Network security as a service, or NSaaS, tools are the latest enterprise IT trend. While these services offer numerous...
benefits in terms of lower Capex and reduced in-house maintenance responsibilities, migrating security services to a cloud-based model can produce unexpected results if not carefully evaluated. For those considering abandoning on-premises network security tools in favor of a new model of network infrastructure security, make sure you understand how this migration can affect your network.
It was only a decade ago the cloud computing market started to heat up. One common opinion regarding cloud services was while applications and client-server resources were likely to shift to a cloud-based model, traditional networking and network security tools were likely to stay in-house. For the most part, that prediction was correct.

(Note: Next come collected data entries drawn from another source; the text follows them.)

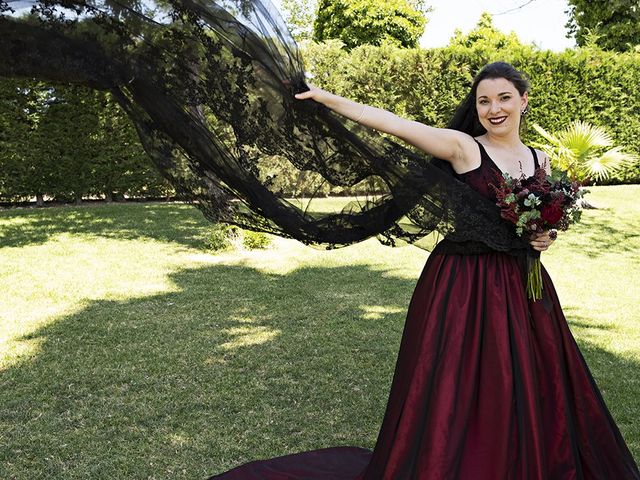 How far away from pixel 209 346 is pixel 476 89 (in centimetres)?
351

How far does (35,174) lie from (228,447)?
1179 cm

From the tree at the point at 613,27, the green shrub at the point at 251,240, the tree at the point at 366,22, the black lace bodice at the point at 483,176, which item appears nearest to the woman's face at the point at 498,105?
the black lace bodice at the point at 483,176

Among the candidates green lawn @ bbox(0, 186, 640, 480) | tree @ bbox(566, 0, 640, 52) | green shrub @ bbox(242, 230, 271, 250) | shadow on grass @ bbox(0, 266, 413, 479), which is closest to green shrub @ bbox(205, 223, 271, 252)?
green shrub @ bbox(242, 230, 271, 250)

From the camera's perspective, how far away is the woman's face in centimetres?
301

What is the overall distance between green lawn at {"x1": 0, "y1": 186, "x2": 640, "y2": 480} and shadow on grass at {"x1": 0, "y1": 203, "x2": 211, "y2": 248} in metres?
0.30

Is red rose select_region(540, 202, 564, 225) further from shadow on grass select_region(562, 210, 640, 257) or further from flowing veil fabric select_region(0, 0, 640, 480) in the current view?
shadow on grass select_region(562, 210, 640, 257)

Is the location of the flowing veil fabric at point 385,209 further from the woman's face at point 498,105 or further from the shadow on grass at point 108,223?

Yet, a decade later, we're finally beginning to see a surge in enterprise IT departments no longer wanting the hassle of managing physical network security devices on premises. Fortunately, there is any number of security vendors champing at the bit to gain your network infrastructure security business. The list of services includes newer network security tools, such as advanced malware detection, data loss prevention and threat intelligence analytics.
Shift away from traditional appliances
Also becoming increasingly popular is a shift away from traditional network security edge appliances, such as intrusion prevention systems (IPS) and next-generation firewalls (NGFWs). In their place would either be a locally deployed virtual appliance that's cloud-managed or a fully cloud-deployed edge security platform that requires no on-premises hardware or software.
For example, network telemetry analytics products from companies such as Cisco, Symantec and Palo Alto all use a combination of threat intelligence teams, global network monitoring and advanced security intelligence to identify and remediate threats in near-real time. All of this is performed independently in the cloud. The enterprise customer simply reaps the benefits in the form of updates, access rules and other remedies that are pushed from the cloud to the corporate network automatically.
This is a great example of how NSaaS can be used at such a massive scale that virtually no traditional enterprise company could afford to match the level of capability on its own.
Edge devices offer another opportunity for network infrastructure security
On the other end of the spectrum, we have network edge devices that comprise the security perimeter of the network. These commonly include firewall and IPS appliances. When dealing with these types of network security services that protect data flowing in and out of a protected LAN, it usually makes the most sense to continue to have the security appliance hosted directly on the corporate network.
That said, it's becoming increasingly common to deploy virtual appliances -- as opposed to physical appliances -- at the edge. Additionally, NSaaS providers allow network infrastructure security administrators to manage firewall or IPS appliances using the public cloud. This not only includes configuration settings, but also firmware updates and feature enhancements that can be fully automated.
In other use cases, NGFWs and IPS appliances can be completely moved to the cloud without the need for any type of on-premises appliance -- either physical or virtual. This is ideal for organizations with large portions of users who work from home or companies with large numbers of small remote sites. However, it's likely not cost-effective for businesses that still maintain large corporate offices, with hundreds or thousands of users, because of how traffic flows in and out of the internet.
In a situation where all internet traffic is first routed to a hosted cloud firewall, it has the potential to create added network latency and unnecessary bottlenecks. The answer to this would be to use dedicated WAN links to the NSaaS provider, as opposed to the public internet. But if that's your only option to fix latency or throughput issues, you're almost certainly better off sticking to a traditional on-premises edge security deployment model.
Lastly, it should be pointed out that a tremendous amount of trust must be put into offloading any type of network security service to a cloud provider. Carefully consider the fact that your company's intellectual property and digital livelihood will be placed into the hands of an external entity. Thus, any partnership with a cloud security provider must be open and transparent.
Choosing the wrong cloud provider to house your network infrastructure security strategy not only will put your job as an IT decision-maker on the line, but potentially the jobs of the entire company, as well. Thus, do your homework, ask all the right questions and be sure the partner you go with is someone that can be trusted both now and into the distant future.